Robust inkjet printer sales and fewer charges narrowed Eastman Kodak Co.'s loss to $168 million in the second quarter, but its slumping film business cast a shadow over the photography pioneer's prolonged digital transformation.
Kodak's adjusted earnings fell short of Wall Street expectations as profit from traditional film-based products plunged 43 percent, squeezed in part by the economy's crimp in motion-picture film sales.
Snapping a run of two consecutive quarterly profits, the April-June period raised renewed concerns about Kodak's ability to make good on its painful digital transformation and shares slid hard when the market opened. The 129-year-old company has eliminated almost 50,000 jobs since 2002, and its work force of 20,300 is its smallest since the 1930s.
Sales dropped 11 percent to $1.57 billion from $1.77 billion.
Revenue from digital businesses fell 6 percent to $1.1 billion from $1.17 billion, dragged down by an 11 percent drop in sales of cameras, video cameras and other consumer products. Film-based revenue slid 21 percent to $466 million from $593 million as earnings from operations fell to $29 million from $51 million.
Kodak said it lost the equivalent of 63 cents a share in the second quarter. That compared with a loss of $189 million, or 70 cents per share, a year earlier.
Excluding restructuring and tax-related charges of $31 million, or 11 cents a share, Kodak said it lost $136 million, or 51 cents per share. That compares with $75 million in one-time charges in last year's second quarter.
Analysts polled by Thomson Reuters, whose estimates typically exclude one-time items, expected Kodak to lose 32 cents per share on sales of $1.69 billion.
When the market opened, the company's stock tumbled 8 percent, or 40 cents, to $4.53. The stock is trading at the lower end of its 52-week range of $2.87 to $9.08 a share.

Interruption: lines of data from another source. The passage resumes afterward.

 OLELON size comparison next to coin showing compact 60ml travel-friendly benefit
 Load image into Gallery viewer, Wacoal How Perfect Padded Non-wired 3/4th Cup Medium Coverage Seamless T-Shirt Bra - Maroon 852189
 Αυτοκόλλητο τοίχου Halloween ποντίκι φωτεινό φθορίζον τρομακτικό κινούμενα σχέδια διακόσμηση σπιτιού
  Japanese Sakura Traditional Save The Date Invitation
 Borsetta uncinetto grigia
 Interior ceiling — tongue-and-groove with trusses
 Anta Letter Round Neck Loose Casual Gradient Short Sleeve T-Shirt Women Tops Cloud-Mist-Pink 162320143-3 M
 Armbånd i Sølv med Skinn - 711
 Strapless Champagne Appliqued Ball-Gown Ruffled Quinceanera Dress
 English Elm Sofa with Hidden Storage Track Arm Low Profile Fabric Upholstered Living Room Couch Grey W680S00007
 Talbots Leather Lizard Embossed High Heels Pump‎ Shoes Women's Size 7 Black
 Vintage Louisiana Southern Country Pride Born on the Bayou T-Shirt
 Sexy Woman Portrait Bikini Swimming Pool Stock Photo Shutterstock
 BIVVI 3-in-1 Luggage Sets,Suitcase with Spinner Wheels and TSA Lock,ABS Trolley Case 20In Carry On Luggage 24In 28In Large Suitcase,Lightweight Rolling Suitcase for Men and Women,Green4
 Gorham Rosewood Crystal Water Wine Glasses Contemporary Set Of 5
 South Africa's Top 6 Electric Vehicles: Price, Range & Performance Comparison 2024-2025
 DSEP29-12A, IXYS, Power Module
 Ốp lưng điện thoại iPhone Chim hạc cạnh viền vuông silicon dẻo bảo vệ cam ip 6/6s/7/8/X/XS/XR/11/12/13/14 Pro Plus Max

Revenue from consumer inkjet printers and ink swelled by 50 percent in the quarter and sales in its commercial printing businesses grew 9 percent.
Kodak aims to begin drawing profits in 2011 from consumer inkjet printers, having doubled sales to more than 2 million units last year. It expects its commercial inkjet systems to become profitable in 2012.
The company is relying on lower costs, royalties from digital-camera inventions, and rapidly shrinking but still high-margin film revenue as it battles to remake itself.
After a $3.4 billion turnaround from 2004 to 2007, Kodak's momentum was stalled by the economic downturn.
It ran up four quarterly losses before turning profitable again in the last three months of 2009. But its $119 million profit in the first quarter was produced by a one-time, $550 million settlement deal with Samsung Electronics Co. over disputed digital-imaging technology.